President Trump, on the other hand, stands in determined opposition of environmental restrictions and seemingly plans to eviscerate the Environmental Protection Agency. If this happens USA oil and gas producers will drastically reduce production costs. Bear in mind that production costs in the USA are already lower than Canada’s: this is owing to the fact that labor is cheaper in the USA and that their infrastructure is commonly better established and in denser networks. What the heck, throw in Texas’ recent oil discoveries and we have every excuse to get a little edgy about the viability of our oily resources in the north. The question is how does Alberta stay competitive? Do we find new markets? Reduce production costs somehow? Focus on LNG to Liquid?

Tell us what you think!

Murray

Sunset Industry?

It only took two years for Alberta’s technology-leading oil and gas industry to go from representing the backbone of Alberta’s economy to being a “sunset industry”. Perceptions are a funny thing. Two pivotal changes brought on this malaise. First, horizontal drilling and fracing (i.e. fracking or fracting) technologies enabled a very large increase in USA oil production. Secondly, OPEC flexed its production biceps and reminded world economies that it is they who dictate the price of oil (for now).

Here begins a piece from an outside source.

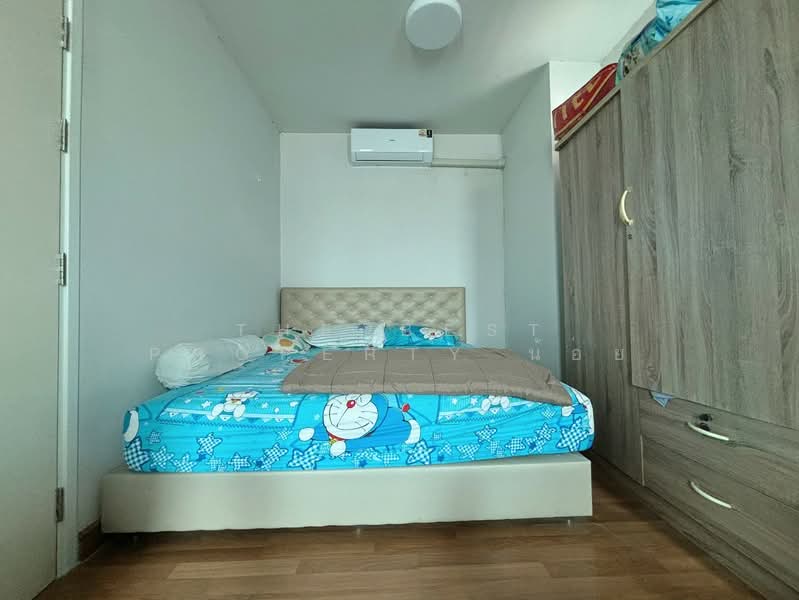 เดอะคอนเนค สุวรรณภูมิ3 (The Connect Suwannabhumi3), Samut Prakan, Rachathewa, Bang Plee, Samut Prakan, 3 Bedrooms, 100 sqm, Townhouse For Sale, by The Best Property น้อย, 500216611 - DDproperty.com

I am the first to admit that the economic upside-down cake in Alberta gives me pause. But, I do have to ask, is oil and gas really a sunset industry? Many Canadians seem to think that hydrocarbon energies from the Earth represent a practically Neanderthal technology that will readily and soon be replaced. However, if the past tells us anything, it is that this is an unrealistic statement. I was a teenager in Alberta in the eighties. Back then Alberta’s oil and gas economy had fallen on rough times, having been staggered by the National Energy Program that was coupled to lower world prices for crude oil. I was taught that oil and gas were never going to recover in Alberta because we were out of economically recoverable resources. I was heartily discouraged by Alberta geologists from even choosing Geology as a career!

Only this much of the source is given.